Oh, the players responded positively, even though it made their life more difficult because Vecna showed up while they were in the middle of the battle. (They didn't necessarily know that's what the timer was for but I don't think it was hard to guess.)I think I was more curious about the effect of triggering an event in realtime than an actual play report since most of that 5e(?) crunch went right over my head. I've done 5-10 sec countdowns. Often out loud. But never had a 'this needs to happen before the end of the game session' trigger before.
All of us knew we were there specifically for a test-fight with Vecna. I view the metagame timer as a way of respecting the players' and my own time--to put it another way, a way of avoiding a pathological outcome where the main event is an afterthought. The lack of negative outcome is how I know it worked.

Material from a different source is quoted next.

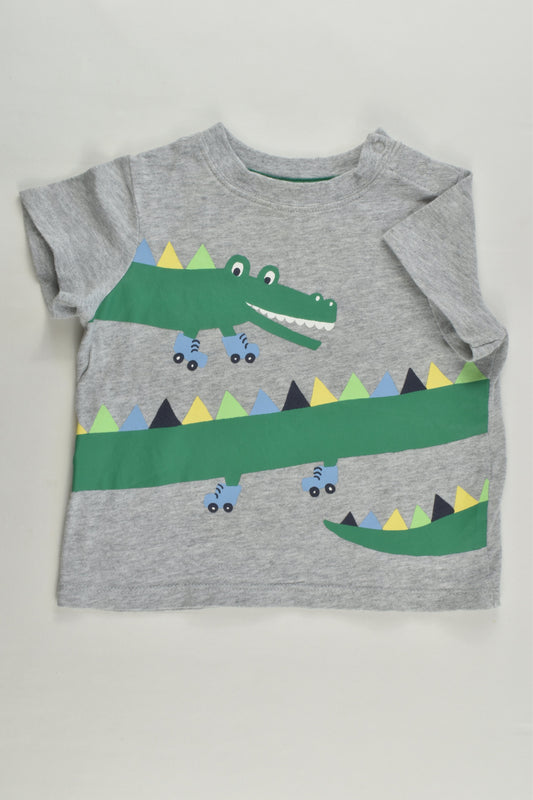 Gymboree Size 1 (12-18 months) Crocodile T-shirt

I wouldn't use it in a scenario where there was an in-game reason for Vecna to arrive or not arrive at a particular time, but I've used such things for events that are essentially random from the player's perspective: e.g. someone has been kidnapped, and they might get executed at any time, but since any time is as good as another, the kidnappers might as well kill the hostage at whatever moment happens to coincide with the players and DM running out of time instead of at a time determined by rolling dice. They are both quasi-random methods of choosing a time.
I've also used it for things like poison expiration: "the drow sleep poison you just looted off the fallen drow warriors will last until, um, the end of next month in real-world time." Same logic: when an event must happen but the timing is arbitrary, might as well pick a time that's convenient for everyone and that empowers the players to make good decisions.